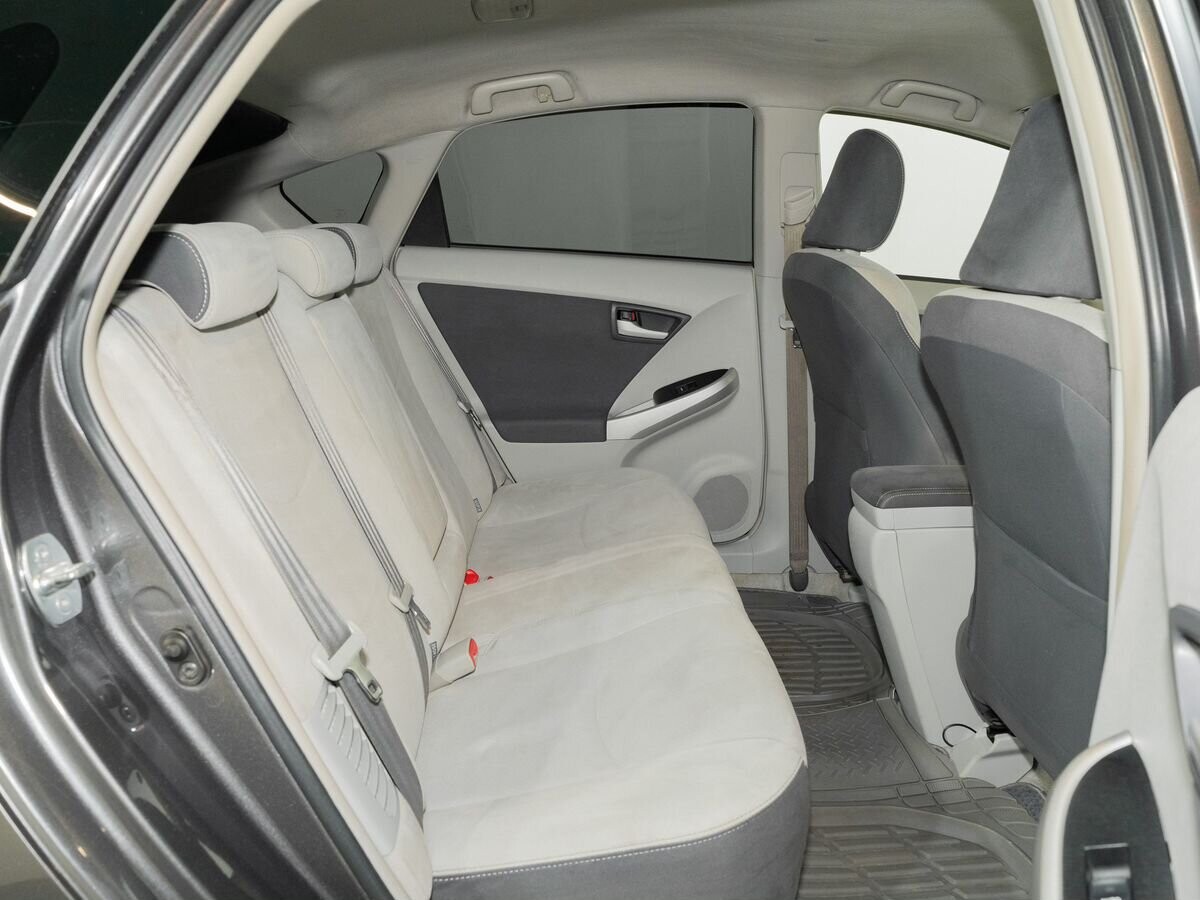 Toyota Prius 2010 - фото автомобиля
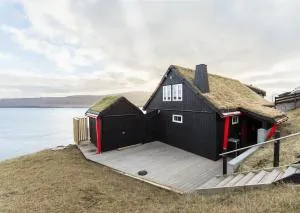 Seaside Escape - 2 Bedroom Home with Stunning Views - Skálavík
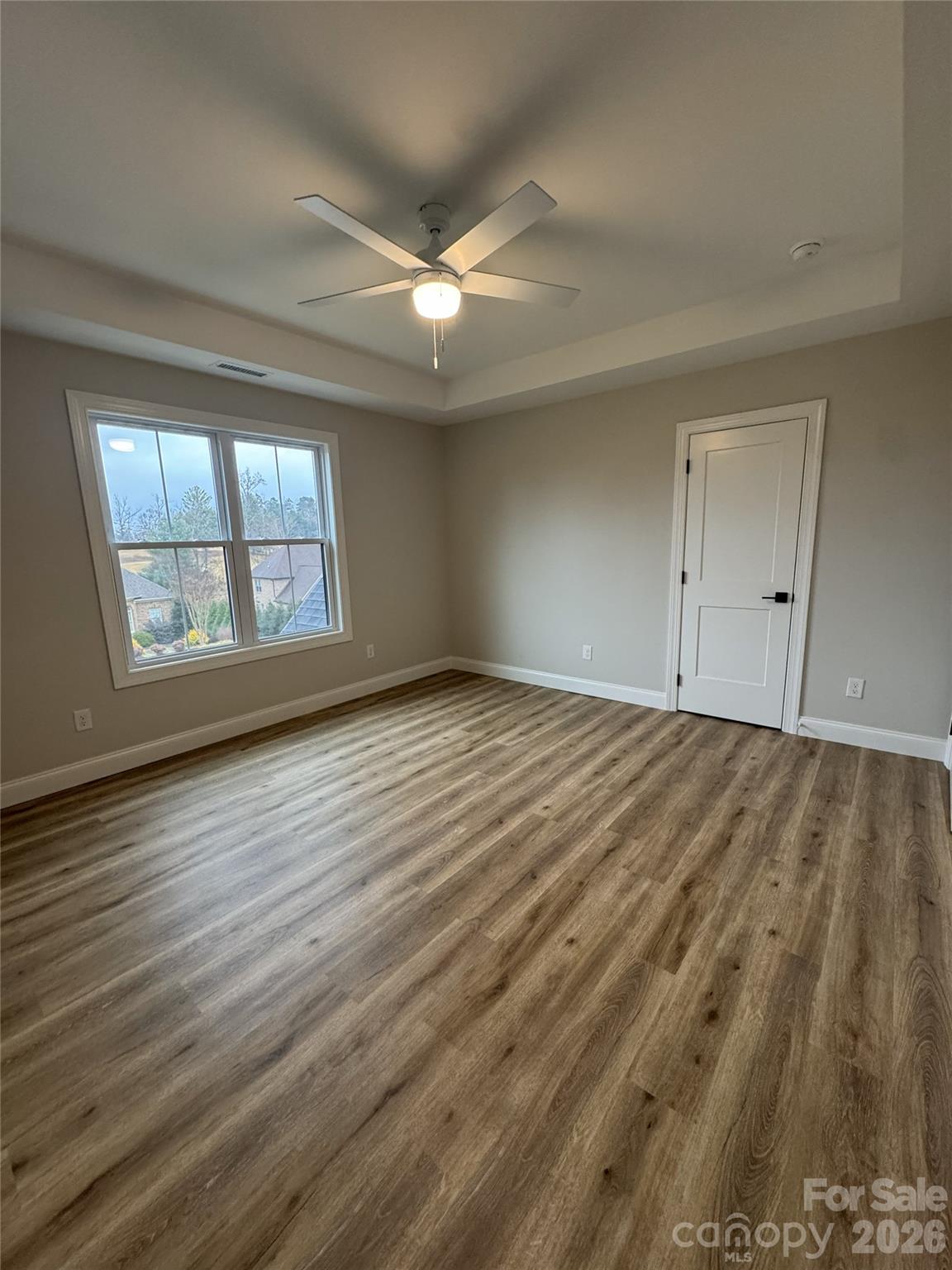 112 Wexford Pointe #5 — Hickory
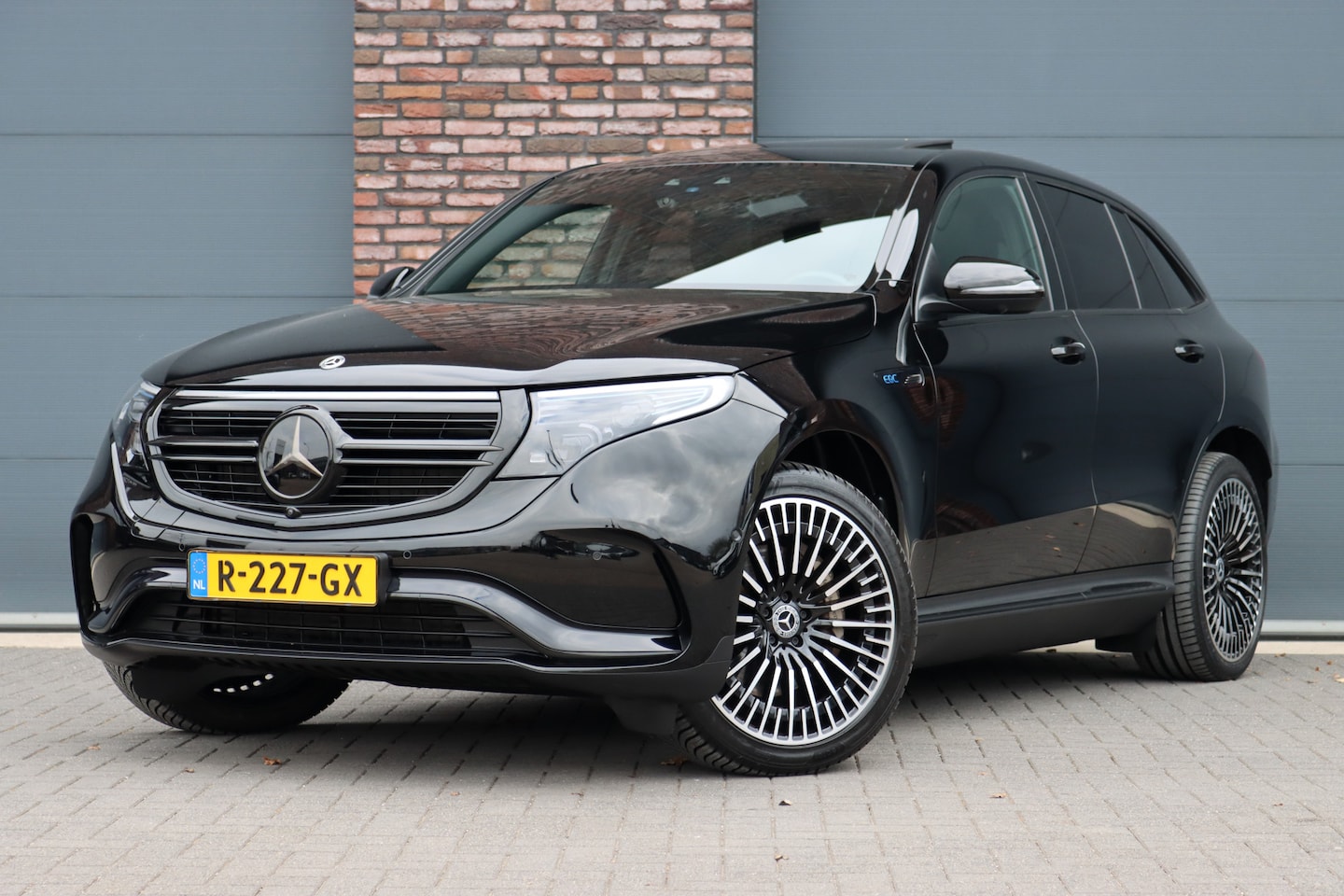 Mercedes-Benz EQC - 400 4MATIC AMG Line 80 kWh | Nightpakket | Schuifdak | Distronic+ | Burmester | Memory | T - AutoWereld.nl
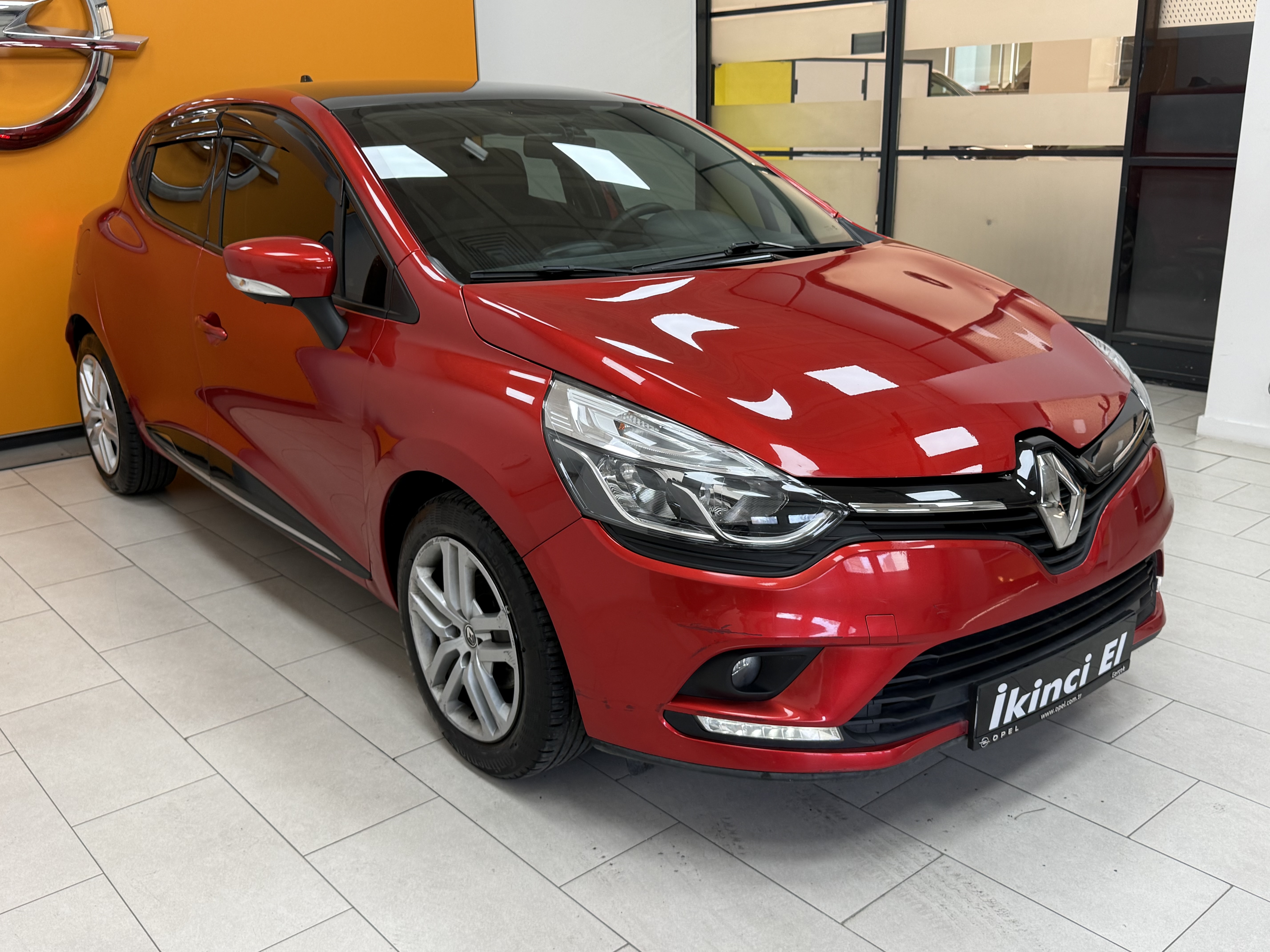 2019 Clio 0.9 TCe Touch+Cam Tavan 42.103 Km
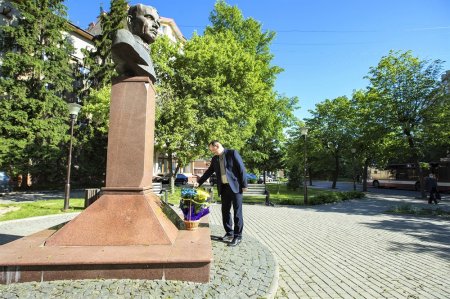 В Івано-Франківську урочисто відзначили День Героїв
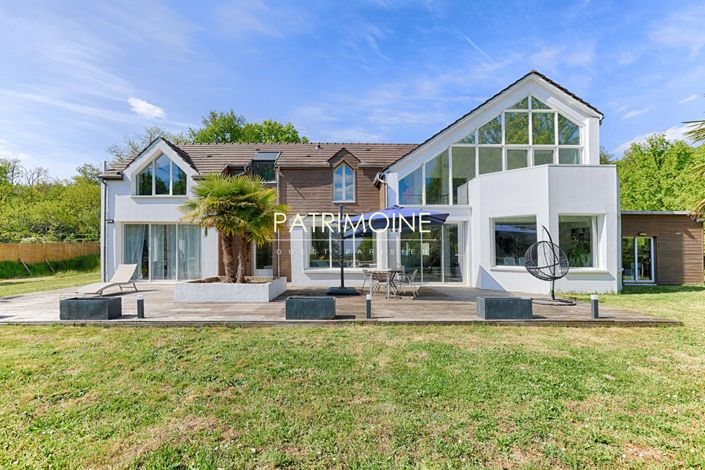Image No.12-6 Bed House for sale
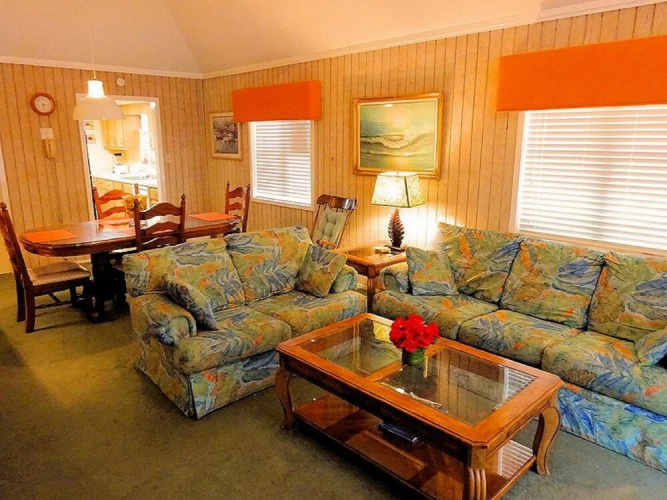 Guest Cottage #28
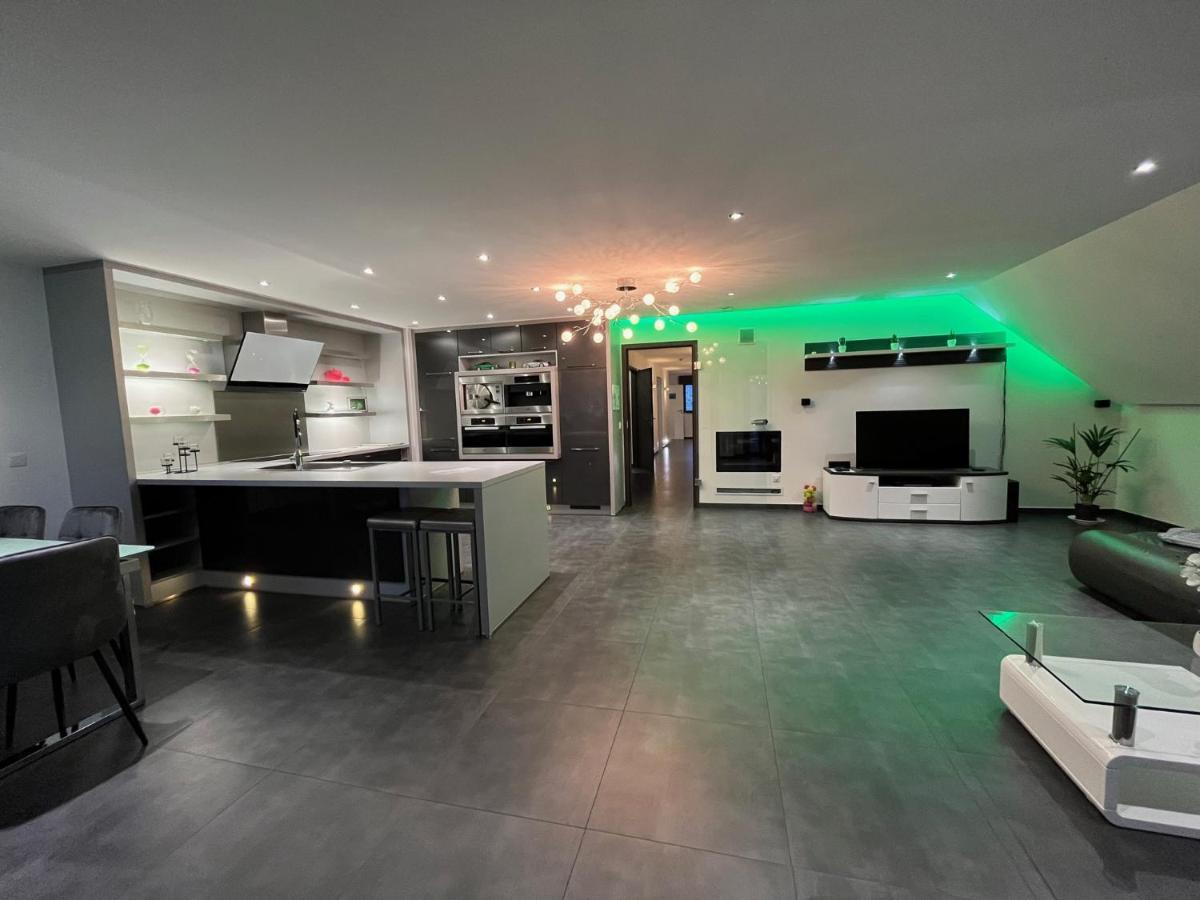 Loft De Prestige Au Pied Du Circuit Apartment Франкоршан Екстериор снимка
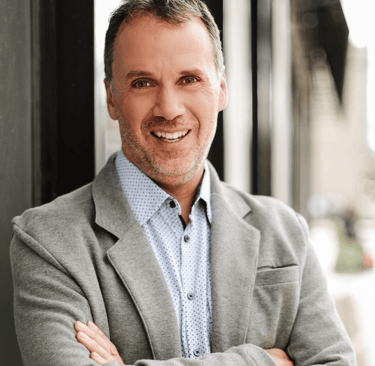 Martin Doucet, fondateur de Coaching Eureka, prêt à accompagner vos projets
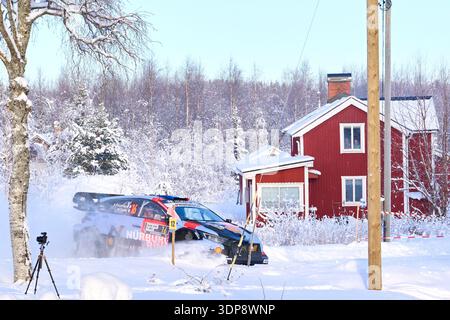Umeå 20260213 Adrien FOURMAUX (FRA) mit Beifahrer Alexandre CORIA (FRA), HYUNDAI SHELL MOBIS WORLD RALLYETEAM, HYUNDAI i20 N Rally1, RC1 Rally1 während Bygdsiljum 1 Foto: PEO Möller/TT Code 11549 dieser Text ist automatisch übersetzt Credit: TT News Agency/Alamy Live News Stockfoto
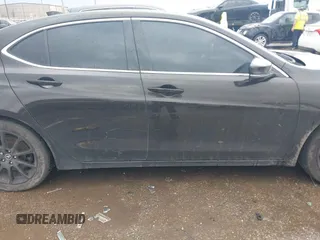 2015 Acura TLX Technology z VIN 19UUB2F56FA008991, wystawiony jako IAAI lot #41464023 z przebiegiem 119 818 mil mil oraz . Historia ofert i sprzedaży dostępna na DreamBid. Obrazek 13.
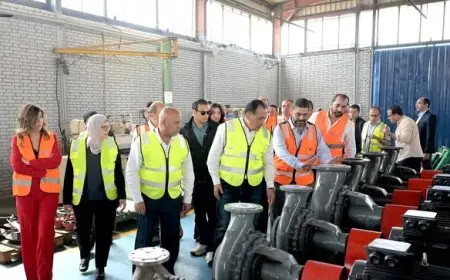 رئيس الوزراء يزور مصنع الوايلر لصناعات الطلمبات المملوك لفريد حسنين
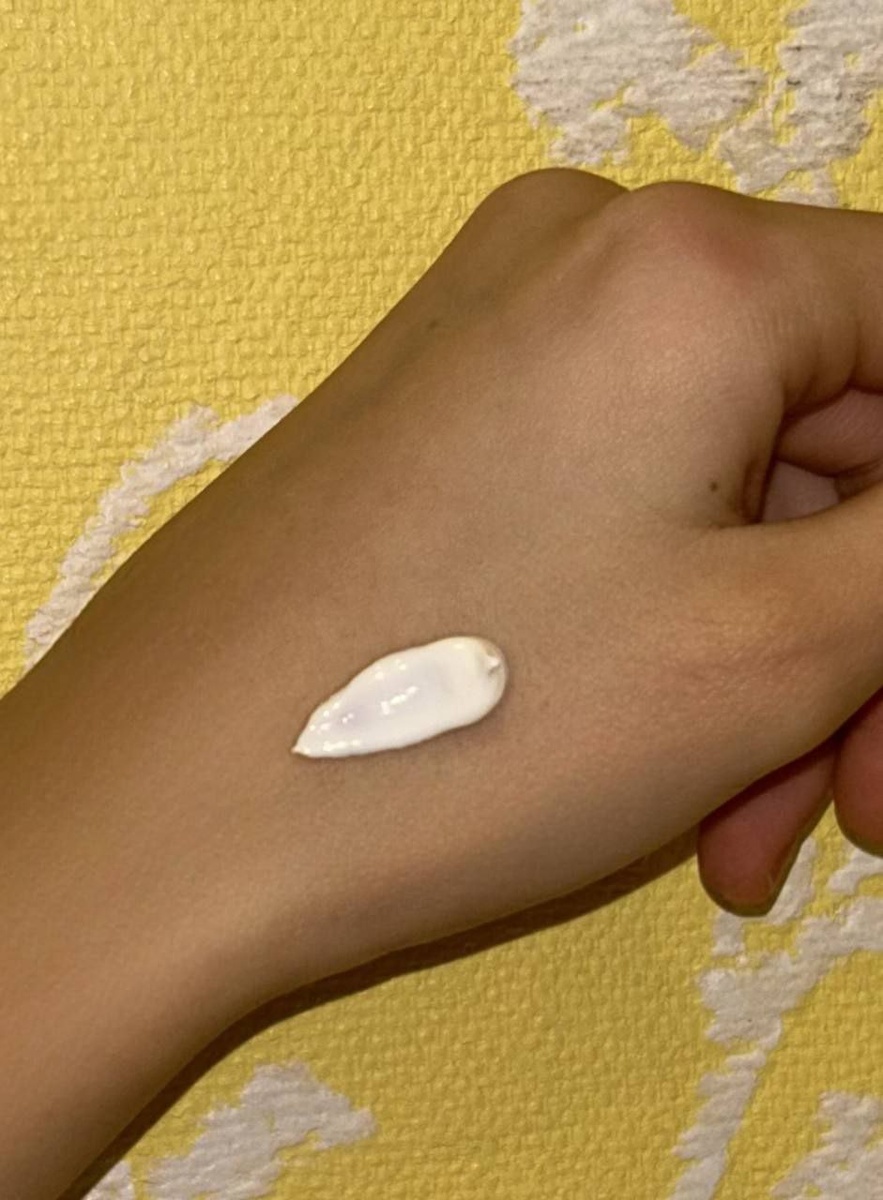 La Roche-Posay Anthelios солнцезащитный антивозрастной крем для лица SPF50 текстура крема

WHAT THIS TASK INVOLVES
Apart from the images, every line above is to be given again exactly.

EXERCISE ANSWER
 Toyota Prius 2010 - фото автомобиля
 Seaside Escape - 2 Bedroom Home with Stunning Views - Skálavík
 112 Wexford Pointe #5 — Hickory
 Mercedes-Benz EQC - 400 4MATIC AMG Line 80 kWh | Nightpakket | Schuifdak | Distronic+ | Burmester | Memory | T - AutoWereld.nl
 2019 Clio 0.9 TCe Touch+Cam Tavan 42.103 Km
 В Івано-Франківську урочисто відзначили День Героїв
Image No.12-6 Bed House for sale
 Guest Cottage #28
 Loft De Prestige Au Pied Du Circuit Apartment Франкоршан Екстериор снимка
 Martin Doucet, fondateur de Coaching Eureka, prêt à accompagner vos projets
Umeå 20260213 Adrien FOURMAUX (FRA) mit Beifahrer Alexandre CORIA (FRA), HYUNDAI SHELL MOBIS WORLD RALLYETEAM, HYUNDAI i20 N Rally1, RC1 Rally1 während Bygdsiljum 1 Foto: PEO Möller/TT Code 11549 dieser Text ist automatisch übersetzt Credit: TT News Agency/Alamy Live News Stockfoto
 2015 Acura TLX Technology z VIN 19UUB2F56FA008991, wystawiony jako IAAI lot #41464023 z przebiegiem 119 818 mil mil oraz . Historia ofert i sprzedaży dostępna na DreamBid. Obrazek 13.
 رئيس الوزراء يزور مصنع الوايلر لصناعات الطلمبات المملوك لفريد حسنين
 La Roche-Posay Anthelios солнцезащитный антивозрастной крем для лица SPF50 текстура крема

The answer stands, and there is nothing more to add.